Nos países onde ela diminuiu, o Estado ampliou a oferta de bens e serviços públicos e proveu redes de proteção e assistência social. Dessa forma, foi possível uma maior igualdade social ao se romper com os monopólios sociais da boa educação e saúde antes restritos a uma parcela diminuta da população – a educação pública, gratuita e de qualidade e o serviço de saúde gratuito tornam o ponto de partida mais igual.

Os efeitos do gasto público sobre a desigualdade foram ainda mais intensos onde a arrecadação era mais progressiva, isto é, a taxação era proporcionalmente maior para os mais ricos. Para se adotar tais medidas, no entanto, é indispensável o crescimento econômico.

Criar e generalizar escolas públicas, gratuitas e de qualidade, assim como prover saúde pública decente e seguro-desemprego mostraram-se como formas de permitir que as pessoas fossem incluídas na cidadania.
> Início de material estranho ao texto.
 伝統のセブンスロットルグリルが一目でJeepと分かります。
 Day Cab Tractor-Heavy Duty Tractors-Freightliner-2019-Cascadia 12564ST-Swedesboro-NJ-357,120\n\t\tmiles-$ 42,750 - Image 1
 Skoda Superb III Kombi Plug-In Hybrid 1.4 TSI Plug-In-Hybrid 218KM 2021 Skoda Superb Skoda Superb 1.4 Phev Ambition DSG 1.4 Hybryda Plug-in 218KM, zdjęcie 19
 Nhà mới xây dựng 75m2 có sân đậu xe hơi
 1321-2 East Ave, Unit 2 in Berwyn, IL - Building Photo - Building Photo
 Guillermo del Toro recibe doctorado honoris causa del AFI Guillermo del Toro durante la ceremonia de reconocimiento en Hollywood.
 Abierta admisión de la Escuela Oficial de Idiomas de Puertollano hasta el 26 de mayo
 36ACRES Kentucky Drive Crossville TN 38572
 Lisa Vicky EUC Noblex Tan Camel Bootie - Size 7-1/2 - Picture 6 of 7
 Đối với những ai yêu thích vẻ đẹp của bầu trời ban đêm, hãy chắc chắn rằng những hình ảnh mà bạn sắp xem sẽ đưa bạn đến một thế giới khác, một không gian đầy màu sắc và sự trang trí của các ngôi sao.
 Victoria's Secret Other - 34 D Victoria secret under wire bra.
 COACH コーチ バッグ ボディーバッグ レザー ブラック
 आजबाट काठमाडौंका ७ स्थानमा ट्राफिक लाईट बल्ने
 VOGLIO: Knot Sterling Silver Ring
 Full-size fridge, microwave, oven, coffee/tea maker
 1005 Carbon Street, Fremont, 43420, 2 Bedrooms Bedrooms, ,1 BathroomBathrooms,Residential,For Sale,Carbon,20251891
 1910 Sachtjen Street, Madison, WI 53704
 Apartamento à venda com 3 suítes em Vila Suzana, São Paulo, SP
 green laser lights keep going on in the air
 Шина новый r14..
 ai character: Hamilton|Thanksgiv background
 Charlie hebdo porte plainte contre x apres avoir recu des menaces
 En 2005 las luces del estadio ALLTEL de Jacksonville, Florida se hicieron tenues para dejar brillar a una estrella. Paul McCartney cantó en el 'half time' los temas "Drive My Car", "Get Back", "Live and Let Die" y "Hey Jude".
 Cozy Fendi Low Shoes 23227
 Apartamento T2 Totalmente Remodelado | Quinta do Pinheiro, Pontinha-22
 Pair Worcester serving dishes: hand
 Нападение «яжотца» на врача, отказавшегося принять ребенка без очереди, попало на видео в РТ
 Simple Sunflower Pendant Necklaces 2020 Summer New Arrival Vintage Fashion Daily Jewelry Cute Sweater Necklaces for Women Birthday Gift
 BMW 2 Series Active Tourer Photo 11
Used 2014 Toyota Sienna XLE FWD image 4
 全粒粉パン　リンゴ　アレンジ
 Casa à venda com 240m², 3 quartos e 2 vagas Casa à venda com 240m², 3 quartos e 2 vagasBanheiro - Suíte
Ao mesmo tempo, criava oportunidades de trabalho no setor público e alavancava o desenvolvimento econômico através do aumento planejado do consumo e do investimento públicos.

Essas foram as medidas que permitiram que a Europa Ocidental dos Anos Dourados (1945-1973) fosse marcada por sociedades mais justas, iguais e prósperas. Mas como realizar mudanças como essas nos dias atuais, quando o individualismo se tornou generalizado e o darwinismo social ganha força e tem cada vez mais defensores?